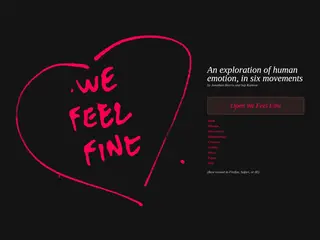 We Feel Fine / by Jonathan Harris and Sep Kamvar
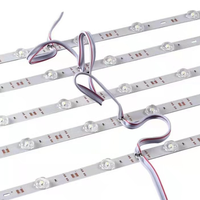Bande lumineuse LED 12V pour boîte à lumière rétroéclairée, barre lumineuse LED SMD2835 3030 avec diffuseur et lentille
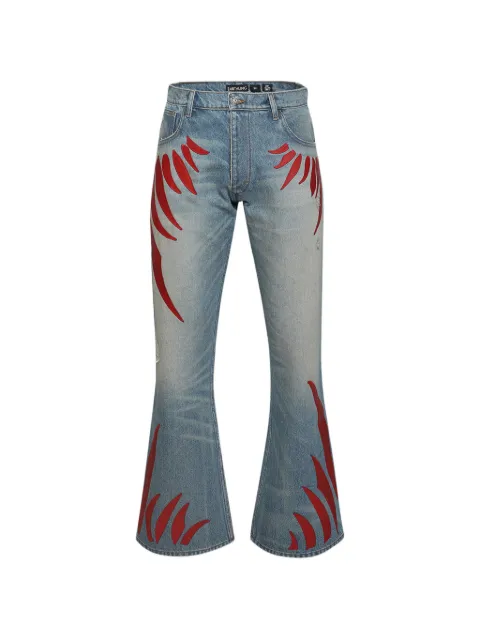 EARTHLING VIP graphic-desingbutton-fastening jeans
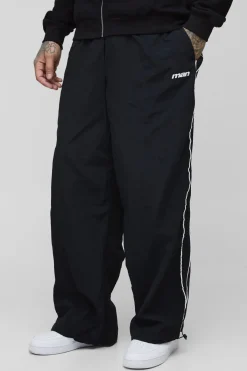 Pantalon Parachute à Rayures Brodées pour Grands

= = = = =

**Problem details**: Please output the material above unchanged, apart from removing the pictures.

**Task solution**:
 We Feel Fine / by Jonathan Harris and Sep Kamvar
Bande lumineuse LED 12V pour boîte à lumière rétroéclairée, barre lumineuse LED SMD2835 3030 avec diffuseur et lentille
 EARTHLING VIP graphic-desingbutton-fastening jeans
 Pantalon Parachute à Rayures Brodées pour Grands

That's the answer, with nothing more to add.